# Network Traffic Anomaly Detection – Supervised Model Training

In this notebook, we train and evaluate machine learning models to detect anomalous or malicious network traffic using the cleaned CICIDS2017 dataset.

Specifically, we will:

- Reuse the data preparation pipeline from `preprocess.py` to ensure consistency.
- Train supervised machine learning models such as:
  - Random Forest
  - Decision Tree
  - XGBoost 

This step focuses on building a robust classifier to distinguish between normal and attack traffic effectively.


In [2]:
import sys
import os

sys.path.append(os.path.abspath("../src"))

from utils import load_data_files, save_object
from preprocess import (
    clean_data,
    handle_infinite_values,
    clean_data_2,
    apply_and_save_scaler,
    separate_features_and_target,
    split_data
)
from train_model import train_model

In [3]:
# Load and prepare dataset

# Load dataset
file_paths = [
    "../data/Friday-WorkingHours-Afternoon-DDos.pcap_ISCX.csv",     # DDoS
    "../data/Friday-WorkingHours-Afternoon-PortScan.pcap_ISCX.csv", # Port Scan
    "../data/Tuesday-WorkingHours.pcap_ISCX.csv",                   # Brute Force (FTP & SSH)
    "../data/Wednesday-workingHours.pcap_ISCX.csv"                  # DoS (Slowloris, Hulk, etc.)
]
df = load_data_files(file_paths)
print(df["Attack"].value_counts())

# Clean the dataset
df = clean_data(df)

# Separete features and target variable
X, y = separate_features_and_target(df)

# Handle infinite values first
X_clean = handle_infinite_values(X)

# Remove features with low variance
X_clean = clean_data_2(X_clean, 0.01)

# Scale the features
X_scaled = apply_and_save_scaler(X_clean, '../models/scalers/2.1_scaler.pkl')

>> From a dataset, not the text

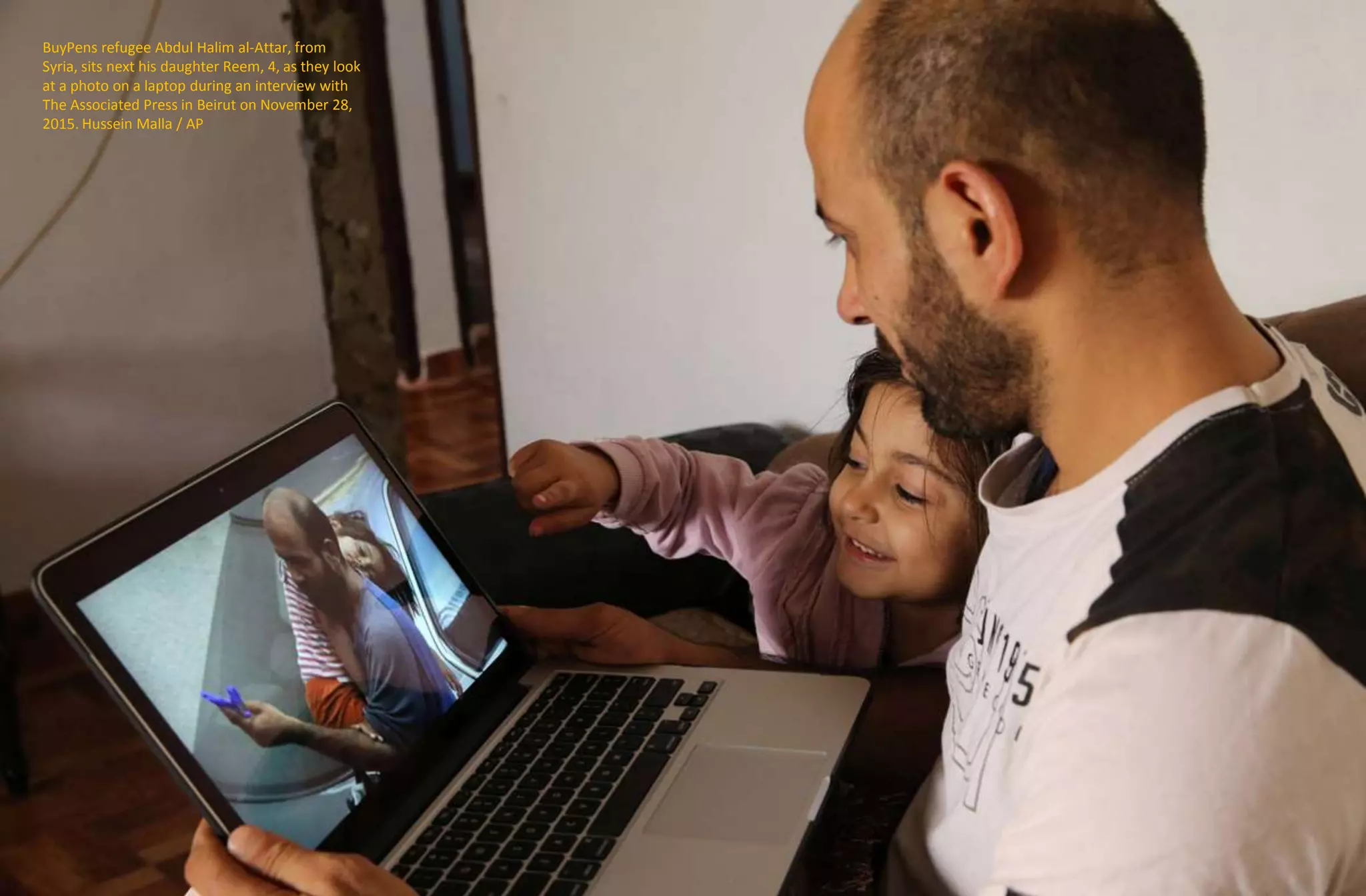 BuyPens refugee Abdul Halim al-Attar, from
Syria, sits next his daughter Reem, 4, as they look
at a photo on a laptop during an interview with
The Associated Press in Beirut on November 28,
2015. Hussein Malla / AP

# Divide the dataset into training and testing sets
x_temp, x_test, y_temp, y_test = split_data(X_scaled, y)
x_train, x_val, y_train, y_val = split_data(x_temp, y_temp)

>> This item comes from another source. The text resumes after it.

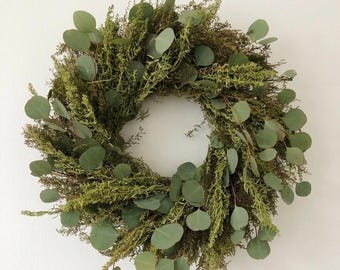 Pode incluir: Uma guirlanda circular construída a partir de um arranjo denso de folhagem verde seca e folhas de eucalipto. O design apresenta uma mistura de caules de plantas plumosos e texturizados com folhas de eucalipto lisas e arredondadas em tons.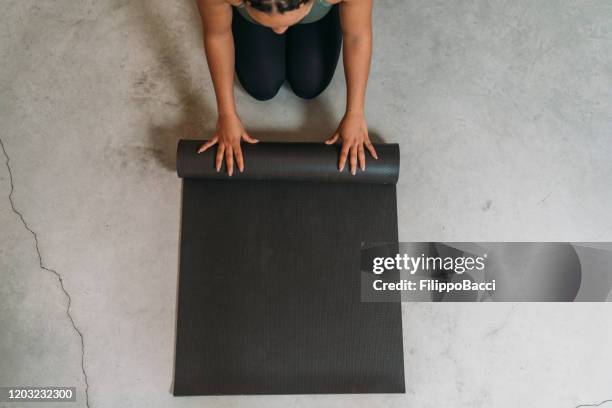 vue d'angle élevé d'une jeune femme adulte fermant un tapis de yoga - tapis de sol photos et images de collection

# Save the testing and validation sets for later use
save_object(x_test, "../data/dataset/1_x_test.pkl")
save_object(y_test, "../data/dataset/1_y_test.pkl")
save_object(x_val, "../data/dataset/1_x_val.pkl")
save_object(y_val, "../data/dataset/1_y_val.pkl")

Attack
0    124023
1     75977
Name: count, dtype: int64
Removed rows with missing values. Remaining rows: 199906
Checking for infinite values in the dataset:
202
VarianceThreshold removed 6 low-variance features
Remaining features: 64
Using StandardScaler for scaling features.
Scaler saved as ../models/scalers/2.1_scaler.pkl.
Data split into training and testing sets.
Data split into training and testing sets.
Object saved to ../data/dataset/1_x_test.pkl.
Object saved to ../data/dataset/1_y_test.pkl.
Object saved to ../data/dataset/1_x_val.pkl.
Object saved to ../data/dataset/1_y_val.pkl.


In [4]:
# Train the model - Random Forest
model_rf = train_model(x_train, y_train, model_type='random_forest')

In [5]:
# Save the model - Random Forest
save_object(model_rf, "../models/random_forest_model.pkl")

Object saved to ../models/random_forest_model.pkl.


In [6]:
# Train the model - Decision Tree
model_dt = train_model(x_train, y_train, model_type='decision_tree')

In [7]:
# Save the model - Decision Tree
save_object(model_dt, "../models/decision_tree_model.pkl")

Object saved to ../models/decision_tree_model.pkl.


In [8]:
# Train the model - XGBoost
model_xgb = train_model(x_train, y_train, model_type='xgboost')

Parameters: { "use_label_encoder" } are not used.

  bst.update(dtrain, iteration=i, fobj=obj)


In [9]:
# Save the model - XGBoost
save_object(model_xgb, "../models/xgboost_model.pkl")

Object saved to ../models/xgboost_model.pkl.